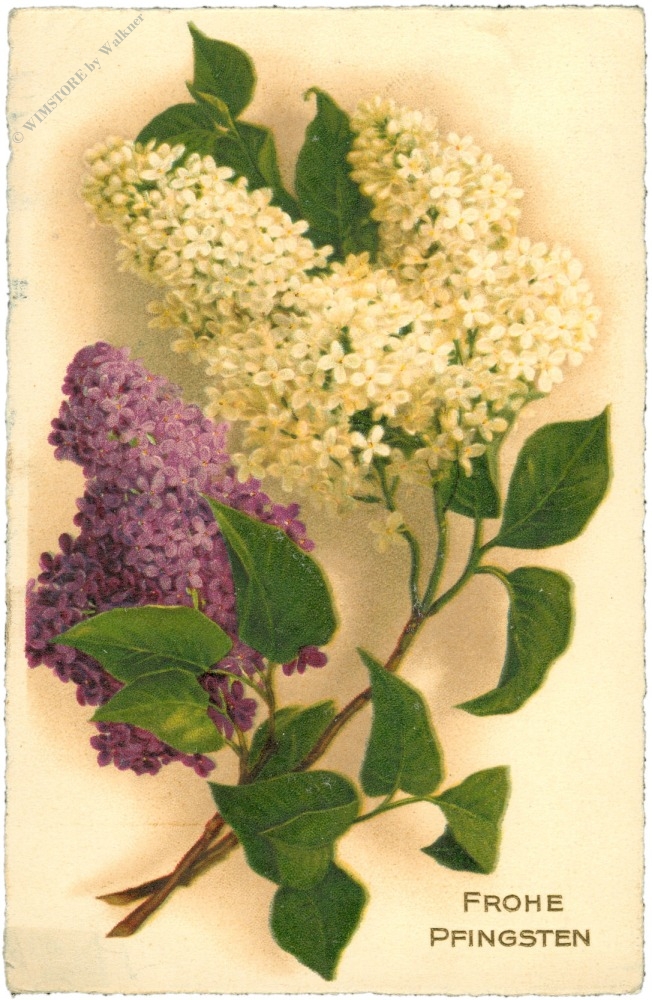 pfingsten, fliederblüten pfingsten, fliederblüten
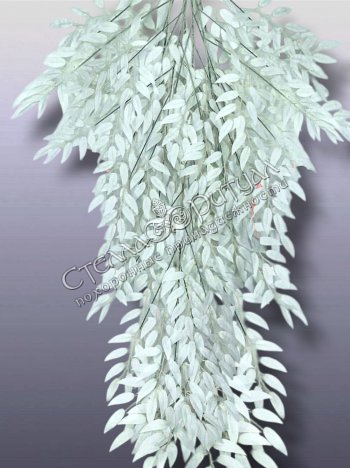 Лиана Лимонника кустового белая оптом в магазине ритуальных товаров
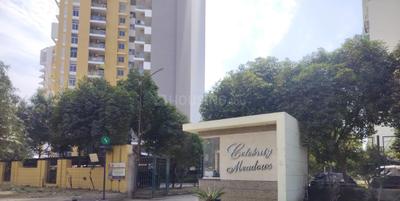 Project Image of 860.79 - 1393.6 Sq.ft 2 BHK Apartment for buy in Ansal Celebrity Medows Block E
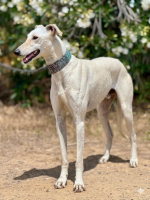 Adopter  chien : Muleta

## What is being asked
Once the pictures are removed, print all the remaining data exactly as it stands.

## Solution to the exercise
 pfingsten, fliederblüten pfingsten, fliederblüten
 Лиана Лимонника кустового белая оптом в магазине ритуальных товаров
 Project Image of 860.79 - 1393.6 Sq.ft 2 BHK Apartment for buy in Ansal Celebrity Medows Block E
 Adopter  chien : Muleta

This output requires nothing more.